The President commissioned the report in March, following his speech at the University of Ouagadougou on 28 November 2017, in which he expressed the wish that, “within five years, the conditions will exist for temporary or definitive returns of African heritage to Africa”. The President welcomed work of remembrance on colonization, which provides new clarification on the circumstances of “heritage seizures” and the specific characteristics of the African heritage case.
When the report was submitted, the President entrusted the Minister of Culture and the Minister for Europe and Foreign Affairs with responsibility for taking the next steps, which are decisive for achieving the goal set for the initiative: for young Africans to have access in Africa and no longer just in Europe to their own heritage and humanity’s common heritage. In line with his commitment, the President would like all possible forms of movement of these works to be considered: restitutions, but also exhibitions, loans, storage, cooperation projects etc.
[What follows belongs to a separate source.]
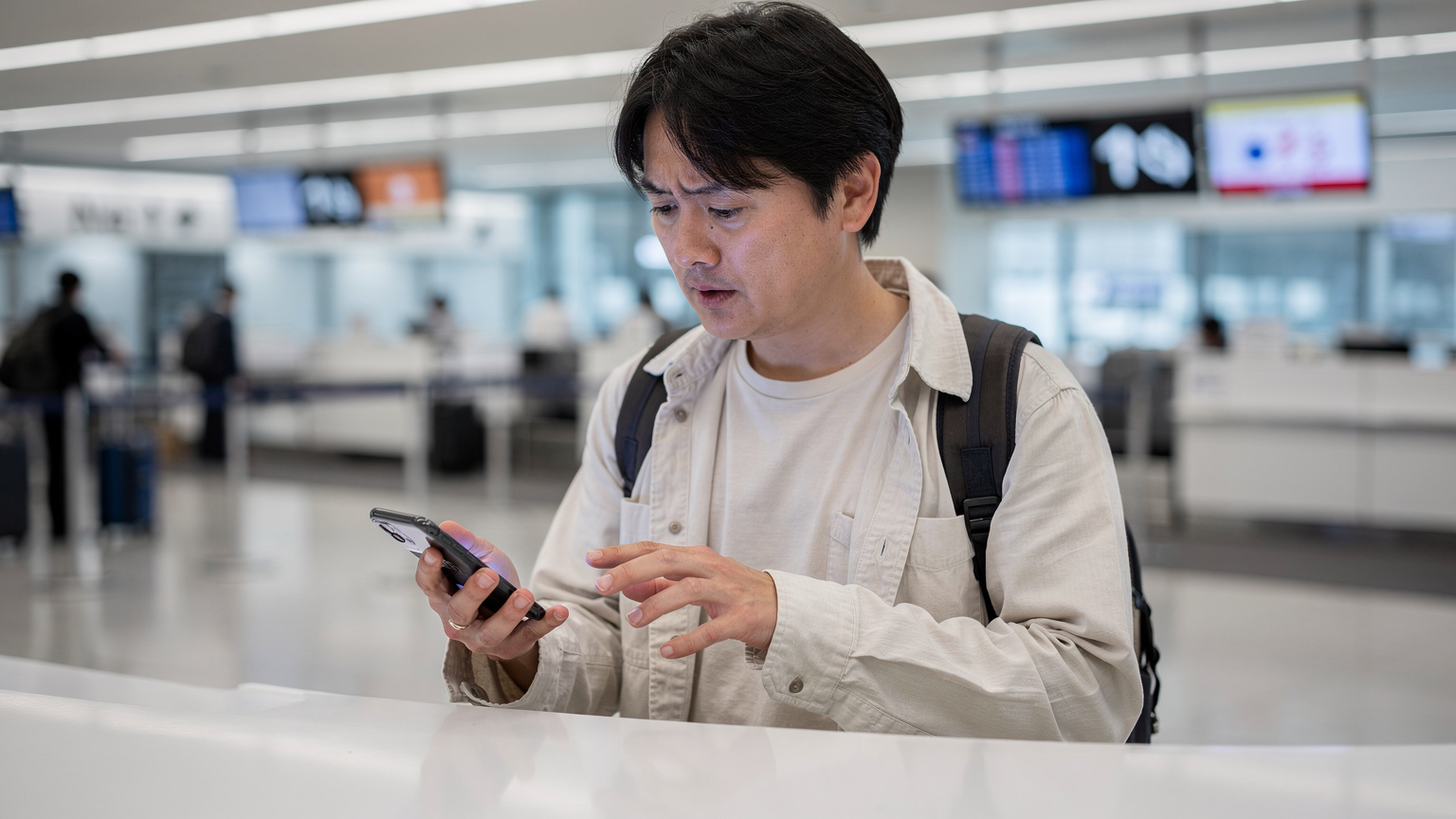 空港のチェックインカウンターで、スマートフォンのeSIM設定に悩む旅行者。画面にはエラーメッセージが表示されている。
The President has invited museums to play a key role in this process: to identify African partners, organize the possible restitution, movement and dissemination of works, and take the necessary means – with the cooperation of teachers and researchers specialized in this field – to swiftly create and put online an inventory of the African collections they hold, including systematic research into origins. The need for in-depth work with other European countries that hold collections of the same nature acquired in similar circumstances was also emphasized.
Consistent with the initiative undertaken, and at the proposal of the Musée du Quai Branly-Jacques Chirac and the Ministry of Culture, the President has decided to immediately return 26 works claimed by the authorities in Benin, looted by General Dodds from [King] Behanzin’s palace following the bloody fighting of 1892. These works will be able to be displayed to the Beninese and international public as part of the ambitious museums plan presented by the Republic of Benin. He thanks the Musée du Quai Branly-Jacques Chirac for supporting this restitution. Operational and, if necessary, legislative measures will be taken to ensure the works can return to Benin, together with the expertise of the museum, which has conserved them until now.
The President proposes convening all the African and European partners in Paris in the first quarter of 2019 to build, together, this new relationship and policy of exchanges. Directly in line with his speeches in Athens, Abu Dhabi and Algiers, the President recalled his desire to implement a heritage policy geared to the future, based on a search for the universal and the inclusion of works of art in humanity’s common heritage.